Instructions for the task:
Word for word, print each record, dropping any image it holds.
*** Opening Input data ***
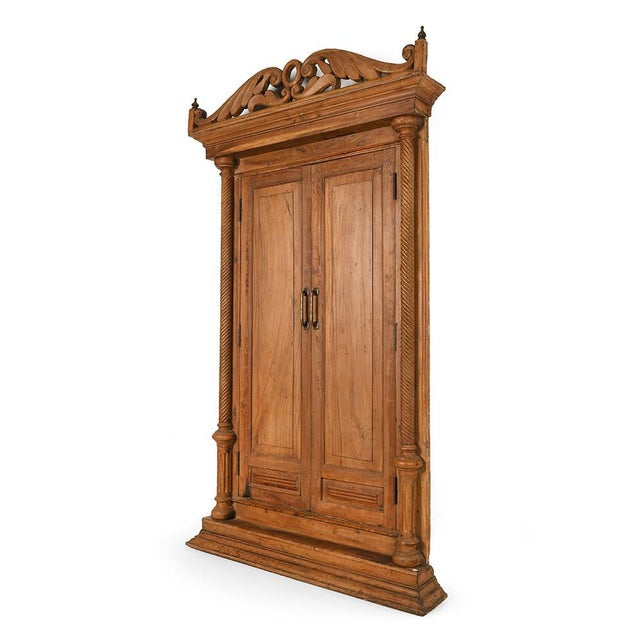 Carved Wooden Door, in Good conditions. Designed 1920 to 1949 This piece is designed in the style of the selected designer...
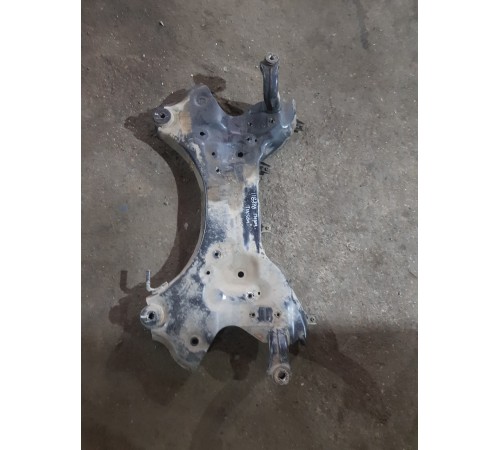 Балка подвески (подрамник) передняя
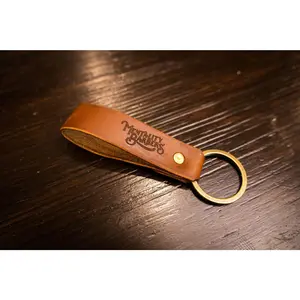 Leather Keychain - Walnut Minerva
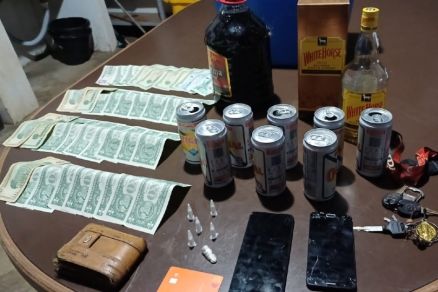 PM flagra drogas e menores em festa na casa de influencer em MT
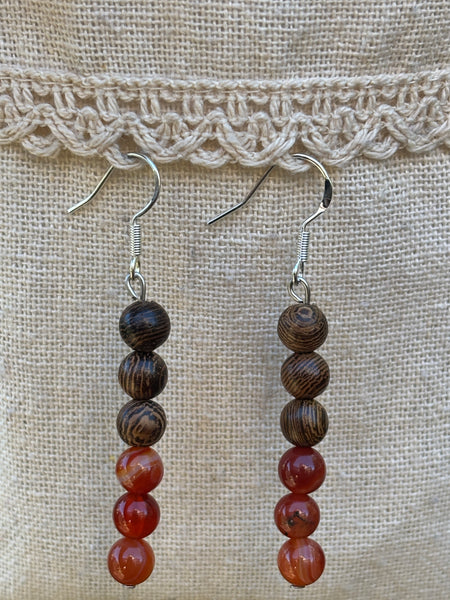 Boucles d'oreilles pendantes en Sardonyx naturelle et bois wengé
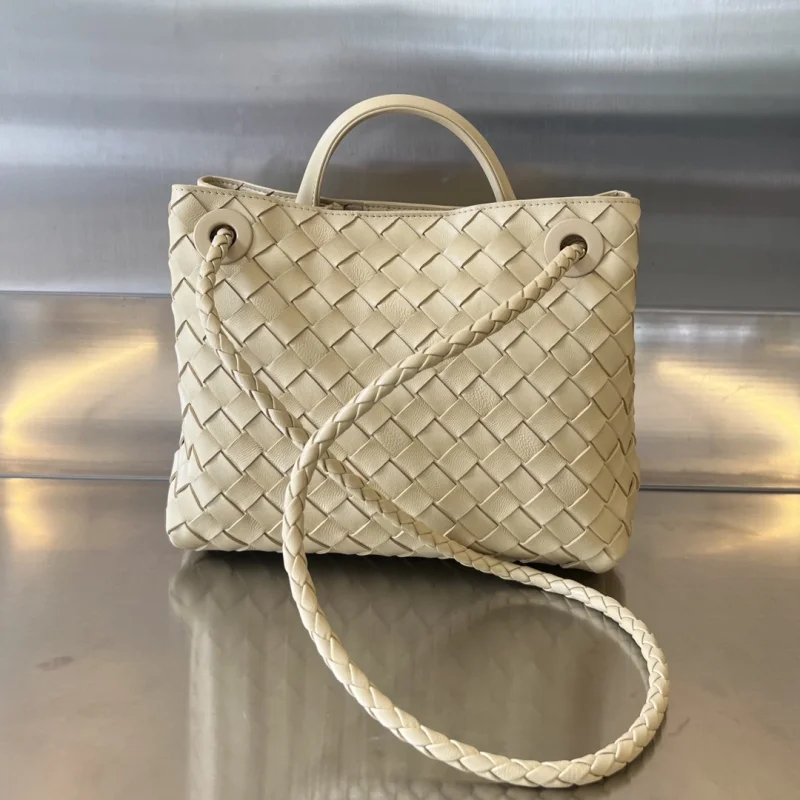 스몰 안디아모 상세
*** Closing Input data ***
Exercise response:
 Carved Wooden Door, in Good conditions. Designed 1920 to 1949 This piece is designed in the style of the selected designer...
 Балка подвески (подрамник) передняя
 Leather Keychain - Walnut Minerva
 PM flagra drogas e menores em festa na casa de influencer em MT
 Boucles d'oreilles pendantes en Sardonyx naturelle et bois wengé
 스몰 안디아모 상세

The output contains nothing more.